Pero no estaba exenta de resentimientos. Alzó ligeramente la vista hacia la persona cuyo rostro parecía idéntico al de la primera vez que la conoció. Al ver la preocupación y la leve culpa en sus ojos, los labios de Qianniang se curvaron en una leve sonrisa. Negó suavemente con la cabeza y dijo en voz baja: «Qianniang no ha sido perjudicado. Cuando le prometiste a mi hermana que te casarías conmigo, y luego, en nuestra noche de bodas, dijiste borracho que no te casarías conmigo por la petición de mi hermana, Qianniang supo que había tomado la decisión correcta. Siendo la decisión correcta, ¿de qué hay que agraviarse?».

Tras escuchar las palabras de Qianniang, Du Ruhui se sintió abrumado por emociones encontradas y no supo cómo expresarlas. Solo pudo prometer: "Qianniang, mientras viva, jamás permitiré que sufras el más mínimo daño".

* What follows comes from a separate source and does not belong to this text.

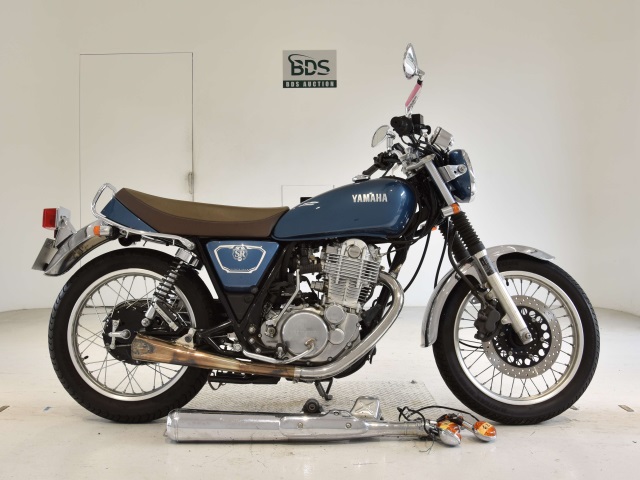 Yamaha SR400 2019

Cuando Qianniang escuchó las palabras de Du Ruhui, se asustó por un instante y dejó de hablarle sentimentalmente. Escupió varias veces y dijo: "¿Qué quieres decir con vivir un día más y no poder hacer nada? Solo quiero que vivas bien. Aunque pienses en tu hermana, sé que no me tratarás mal".

Tras decir esto, Qianniang vio que su marido iba a decir algo, así que rápidamente se giró para preguntarle algo a Ruan Xiang. Ninguno de los dos era una persona que se caracterizara por el amor y el afecto. Después de expresar sus sentimientos, Qianniang se sintió muy avergonzada y no quiso seguir mostrándose tan arisca.

Du Ruhui, de pie detrás de ella, observó las orejas sonrojadas de Qianniang, parcialmente ocultas entre su cabello. Amablemente, dejó de molestarla y simplemente escuchó su conversación con Ruan Xiang.